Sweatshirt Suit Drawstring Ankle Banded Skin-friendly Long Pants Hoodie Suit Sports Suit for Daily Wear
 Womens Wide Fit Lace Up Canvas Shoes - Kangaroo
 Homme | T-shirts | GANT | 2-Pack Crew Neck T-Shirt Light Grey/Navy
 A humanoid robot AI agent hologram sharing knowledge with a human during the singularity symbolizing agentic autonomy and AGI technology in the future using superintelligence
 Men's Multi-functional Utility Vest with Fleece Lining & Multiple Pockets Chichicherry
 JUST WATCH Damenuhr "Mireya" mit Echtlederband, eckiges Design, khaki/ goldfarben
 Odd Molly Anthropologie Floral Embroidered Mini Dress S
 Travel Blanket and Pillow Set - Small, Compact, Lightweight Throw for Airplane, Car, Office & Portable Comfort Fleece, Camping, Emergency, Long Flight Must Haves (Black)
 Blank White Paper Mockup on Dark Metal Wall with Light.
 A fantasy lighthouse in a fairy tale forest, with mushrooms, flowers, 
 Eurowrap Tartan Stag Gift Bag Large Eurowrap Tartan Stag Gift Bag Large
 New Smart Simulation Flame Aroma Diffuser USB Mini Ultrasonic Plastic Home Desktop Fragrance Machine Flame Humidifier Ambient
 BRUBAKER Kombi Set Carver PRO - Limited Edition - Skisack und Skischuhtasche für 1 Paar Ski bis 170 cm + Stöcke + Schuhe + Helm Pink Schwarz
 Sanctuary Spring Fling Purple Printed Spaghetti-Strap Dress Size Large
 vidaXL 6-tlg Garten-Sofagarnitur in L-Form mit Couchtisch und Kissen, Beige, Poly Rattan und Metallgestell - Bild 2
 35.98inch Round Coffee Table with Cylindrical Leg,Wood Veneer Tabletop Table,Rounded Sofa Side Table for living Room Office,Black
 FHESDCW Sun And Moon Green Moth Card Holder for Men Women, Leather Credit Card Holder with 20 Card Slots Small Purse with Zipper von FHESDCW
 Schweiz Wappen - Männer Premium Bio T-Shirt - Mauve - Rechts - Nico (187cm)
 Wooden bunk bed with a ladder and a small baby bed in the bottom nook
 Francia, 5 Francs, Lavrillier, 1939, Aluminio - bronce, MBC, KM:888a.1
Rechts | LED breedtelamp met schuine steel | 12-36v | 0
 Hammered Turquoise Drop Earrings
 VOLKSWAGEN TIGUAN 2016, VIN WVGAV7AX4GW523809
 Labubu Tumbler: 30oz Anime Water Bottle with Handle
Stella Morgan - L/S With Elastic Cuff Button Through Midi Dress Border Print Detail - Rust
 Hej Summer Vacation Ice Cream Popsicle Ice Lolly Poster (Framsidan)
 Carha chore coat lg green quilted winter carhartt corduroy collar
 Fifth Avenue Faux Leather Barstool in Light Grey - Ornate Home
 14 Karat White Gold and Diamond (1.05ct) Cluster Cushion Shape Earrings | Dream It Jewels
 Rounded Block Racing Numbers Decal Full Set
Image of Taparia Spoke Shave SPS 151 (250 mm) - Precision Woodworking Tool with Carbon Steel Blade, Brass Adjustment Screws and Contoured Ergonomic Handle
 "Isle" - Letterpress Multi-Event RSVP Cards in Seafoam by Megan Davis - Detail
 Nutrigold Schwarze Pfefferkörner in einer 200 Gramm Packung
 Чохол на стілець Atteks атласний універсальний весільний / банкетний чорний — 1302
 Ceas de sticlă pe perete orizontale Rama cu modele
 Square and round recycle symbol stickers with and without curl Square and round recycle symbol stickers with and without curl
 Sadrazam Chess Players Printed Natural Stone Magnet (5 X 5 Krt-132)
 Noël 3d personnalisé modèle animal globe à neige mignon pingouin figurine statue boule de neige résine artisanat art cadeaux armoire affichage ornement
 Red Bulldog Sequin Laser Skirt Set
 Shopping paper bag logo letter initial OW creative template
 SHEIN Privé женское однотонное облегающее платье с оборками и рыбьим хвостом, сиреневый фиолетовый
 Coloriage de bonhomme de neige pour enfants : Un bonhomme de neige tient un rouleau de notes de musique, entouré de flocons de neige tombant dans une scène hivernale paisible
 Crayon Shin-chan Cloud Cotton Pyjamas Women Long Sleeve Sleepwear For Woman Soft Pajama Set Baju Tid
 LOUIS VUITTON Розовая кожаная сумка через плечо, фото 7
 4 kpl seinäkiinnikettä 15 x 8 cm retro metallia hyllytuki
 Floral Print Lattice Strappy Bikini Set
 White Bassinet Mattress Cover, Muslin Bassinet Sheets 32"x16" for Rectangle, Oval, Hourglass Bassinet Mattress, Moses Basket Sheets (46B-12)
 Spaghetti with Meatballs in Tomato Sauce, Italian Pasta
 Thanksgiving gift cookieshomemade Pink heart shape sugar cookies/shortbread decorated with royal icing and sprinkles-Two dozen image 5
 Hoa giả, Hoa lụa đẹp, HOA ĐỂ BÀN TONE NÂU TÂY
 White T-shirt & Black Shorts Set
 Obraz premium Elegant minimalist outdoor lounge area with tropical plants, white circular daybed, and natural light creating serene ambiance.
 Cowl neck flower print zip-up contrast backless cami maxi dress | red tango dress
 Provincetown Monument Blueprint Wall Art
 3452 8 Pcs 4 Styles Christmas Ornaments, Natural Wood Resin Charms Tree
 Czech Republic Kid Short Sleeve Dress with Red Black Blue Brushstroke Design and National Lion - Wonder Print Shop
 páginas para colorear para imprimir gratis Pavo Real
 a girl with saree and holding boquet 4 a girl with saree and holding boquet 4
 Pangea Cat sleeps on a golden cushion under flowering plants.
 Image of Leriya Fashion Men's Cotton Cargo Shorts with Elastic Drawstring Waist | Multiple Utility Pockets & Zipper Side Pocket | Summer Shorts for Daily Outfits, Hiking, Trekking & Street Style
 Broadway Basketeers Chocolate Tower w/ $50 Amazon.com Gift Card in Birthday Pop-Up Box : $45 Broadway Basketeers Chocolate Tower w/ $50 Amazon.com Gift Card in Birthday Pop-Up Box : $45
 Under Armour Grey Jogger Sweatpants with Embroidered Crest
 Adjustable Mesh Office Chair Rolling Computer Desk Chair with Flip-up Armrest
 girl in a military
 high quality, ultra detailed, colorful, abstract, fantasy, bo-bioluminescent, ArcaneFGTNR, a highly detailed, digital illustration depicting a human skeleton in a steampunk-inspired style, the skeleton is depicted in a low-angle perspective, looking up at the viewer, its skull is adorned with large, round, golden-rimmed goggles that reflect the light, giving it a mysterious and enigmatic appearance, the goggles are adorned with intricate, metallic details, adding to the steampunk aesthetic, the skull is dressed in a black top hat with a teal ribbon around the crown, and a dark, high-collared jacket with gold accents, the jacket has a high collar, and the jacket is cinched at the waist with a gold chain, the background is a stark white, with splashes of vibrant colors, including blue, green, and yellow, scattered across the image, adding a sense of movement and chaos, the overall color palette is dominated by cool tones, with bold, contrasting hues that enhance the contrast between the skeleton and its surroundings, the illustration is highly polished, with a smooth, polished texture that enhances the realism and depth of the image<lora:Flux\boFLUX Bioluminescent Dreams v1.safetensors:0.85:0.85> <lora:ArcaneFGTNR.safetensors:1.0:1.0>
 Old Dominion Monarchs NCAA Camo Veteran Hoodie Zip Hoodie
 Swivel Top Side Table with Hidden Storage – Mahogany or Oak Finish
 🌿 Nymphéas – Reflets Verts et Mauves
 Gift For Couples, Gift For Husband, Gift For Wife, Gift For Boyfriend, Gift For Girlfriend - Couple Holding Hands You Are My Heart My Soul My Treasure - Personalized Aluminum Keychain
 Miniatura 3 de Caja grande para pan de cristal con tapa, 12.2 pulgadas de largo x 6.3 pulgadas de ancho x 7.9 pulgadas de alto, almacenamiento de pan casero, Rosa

◆ WHAT IS EXPECTED: Starting with the first line of the listing above and ending with the line that holds "New Smart Simulation", return those lines exactly as written, both included.

◆ TASK RESULT:
Sweatshirt Suit Drawstring Ankle Banded Skin-friendly Long Pants Hoodie Suit Sports Suit for Daily Wear
 Womens Wide Fit Lace Up Canvas Shoes - Kangaroo
 Homme | T-shirts | GANT | 2-Pack Crew Neck T-Shirt Light Grey/Navy
 A humanoid robot AI agent hologram sharing knowledge with a human during the singularity symbolizing agentic autonomy and AGI technology in the future using superintelligence
 Men's Multi-functional Utility Vest with Fleece Lining & Multiple Pockets Chichicherry
 JUST WATCH Damenuhr "Mireya" mit Echtlederband, eckiges Design, khaki/ goldfarben
 Odd Molly Anthropologie Floral Embroidered Mini Dress S
 Travel Blanket and Pillow Set - Small, Compact, Lightweight Throw for Airplane, Car, Office & Portable Comfort Fleece, Camping, Emergency, Long Flight Must Haves (Black)
 Blank White Paper Mockup on Dark Metal Wall with Light.
 A fantasy lighthouse in a fairy tale forest, with mushrooms, flowers, 
 Eurowrap Tartan Stag Gift Bag Large Eurowrap Tartan Stag Gift Bag Large
 New Smart Simulation Flame Aroma Diffuser USB Mini Ultrasonic Plastic Home Desktop Fragrance Machine Flame Humidifier Ambient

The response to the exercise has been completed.